### WORK TO BE COMPLETED
Skip the pictures. Give all the data again exactly.

### ENTRIES SUPPLIED
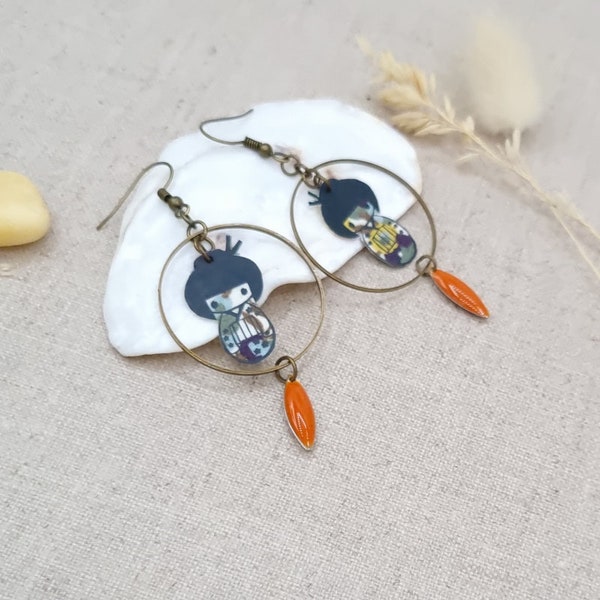 Boucles d'oreilles Kokeshi en tissu liberty wiltshire jour d'automne et laiton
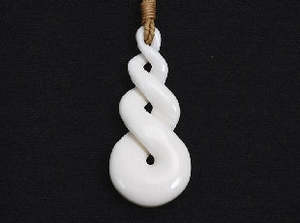 Jewellery: Twist Bone Pendant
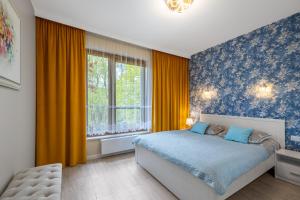 sypialnia z łóżkiem i oknem w obiekcie Luxury Apartment Bursztynowa w Gdańsku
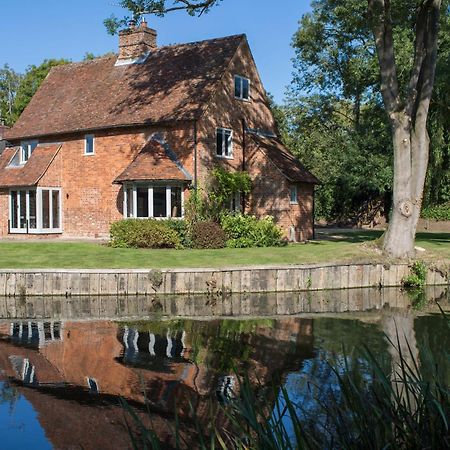 Idle Waters Villa Dedham Ngoại thất bức ảnh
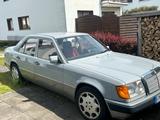 Mercedes-Benz Mercedes W124 D200 - Mercedes-Benz 200: W124 200d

### FINISHED TASK
 Boucles d'oreilles Kokeshi en tissu liberty wiltshire jour d'automne et laiton
 Jewellery: Twist Bone Pendant
 sypialnia z łóżkiem i oknem w obiekcie Luxury Apartment Bursztynowa w Gdańsku
 Idle Waters Villa Dedham Ngoại thất bức ảnh
 Mercedes-Benz Mercedes W124 D200 - Mercedes-Benz 200: W124 200d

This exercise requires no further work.